These days, it's getting harder and harder to stay safe online. Ransomware and phishing emails are just a few of the many ways to steal personal data or trick people into getting their files back in some way (usually financially). In order to avoid such problems in the first place, there are some easy-to-implement tips that you can use to ensure your safety in cyberspace.
1. Regularly update your software and apps
Waiting while an update is installed on your phone or computer can be frustrating, but it's worth the wait. Nothing is perfect and almost every operating system has vulnerabilities that hackers exploit to get people's money and data. Usually, developers discover these bugs more quickly and release updates that solve the potential problem before they arise. For example, the famous Wannacry ransomware wave could have been prevented if users had installed the latest version of Windows, which fixed the vulnerability.
2. Create strong passwords
It cannot be stressed enough, but creating a strong password is crucial to ensure the security of your accounts. Websites with private information and banking transactions are often attacked by hackers, and common and/or short passwords (under 8 characters) are very easy to break. "Digital Trends" published an overview of the most commonly used passwords in the world. So make sure your passwords are over 9 characters long, case sensitive (preferably random), special characters, numbers and do not include personal information (names, birth years, etc.). Sentences with punctuation marks, for example, are easy to remember and very secure.
If you want to know how secure your password is, visit this page and enter a modified version of your password to see how long a hack attempt on your account would take.
3. Use Two-Step Authentication
In addition to a good password, two-step authentication provides additional security for your online accounts. Make sure this feature is enabled for apps that may contain private or confidential information, such as your Google or Leitz cloud account or your online banking app. Even if your password is stolen, hackers would need to get their hands on your phone or biometric data (fingerprints or iris scan) to access your account. Ideally, in the event of theft, you can remotely wipe the files contained on the stolen device, as is the case with LeitzCloud.
4. Never Trust Unknown Files
Malware does not always have to be introduced into a computer by hacking. Very often it actually happens that you unintentionally open or install a virus yourself. Often this happens by opening unknown emails and clicking on unknown, specified links and documents. So if you get an email from unknown people, whether companies or individuals, don't open it immediately. Google the company and call them and give the subject of the email. But if you already suspect that it is a scam, delete this email directly.
5. Use a VPN (especially with Public WLAN)
Connecting to a public Wi-Fi network at an airport or café is convenient but far from secure. Other people connected to the same network can intercept information you send and receive. A VPN acts as an encrypted tunnel for all your online traffic, thus making it hidden and unreadable to the "bystander". However, it is also important to choose the right VPN, as free versions hide risks such as information selling. So avoid free VPNs.
To learn more about the dangers of free VPNs, check out our blog.
6. Shop via Secure Websites
When you visit websites through which you want to buy something, make sure that the website starts with the certificate "https" and not just "http". Also, the address symbol contains a lock symbol. The "S" in the https part stands for "secure". This means that information you exchange with the website, for example your bank, is reliably encrypted.
7. Follow the Latest News
Although it may seem obvious, it can be difficult to keep up to date with cyber world news in the future. There are currently many articles online describing the risks of clicking on links in your email or using free VPN. It is also recommended that you improve your cyber hygiene. If you know that ransomware reports are on the rise in your region, you will be more careful when surfing.

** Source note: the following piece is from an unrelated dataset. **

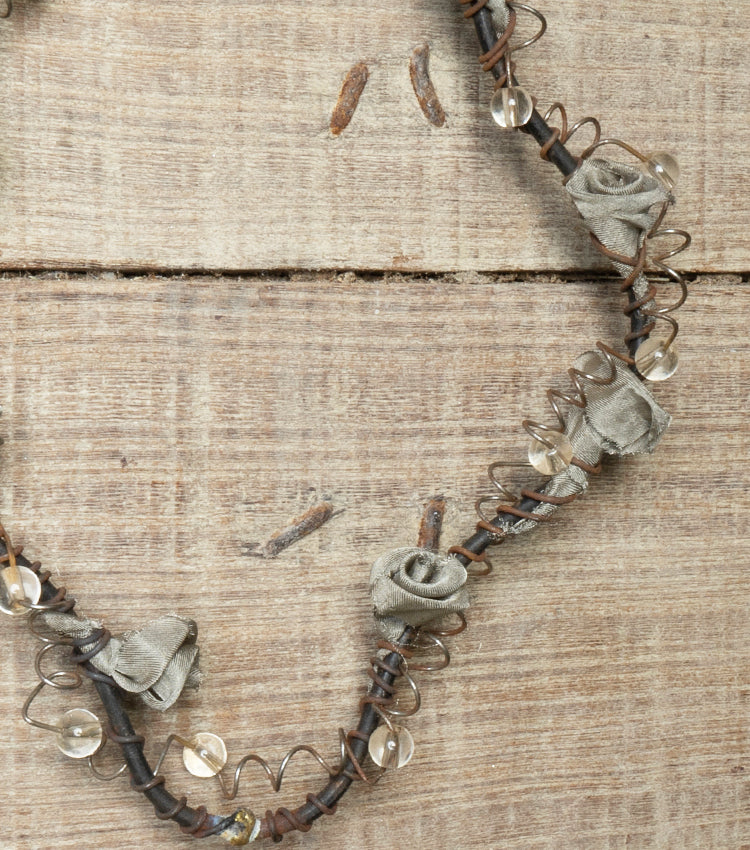 Decorazione Natalizia in metallo con Roselline e Perline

Hopefully, this blog has shown and explained a few new tips and tricks for your online life. However, the last thing we'll give you is something you'd better always keep in mind: No matter what you use your internet for, make sure that only you have access to your files. Hackers, and some companies that are not GDPR compliant, will always find a way to make money from your information and, in the worst case, harm you in the process. So never assume that you are not interesting to strangers.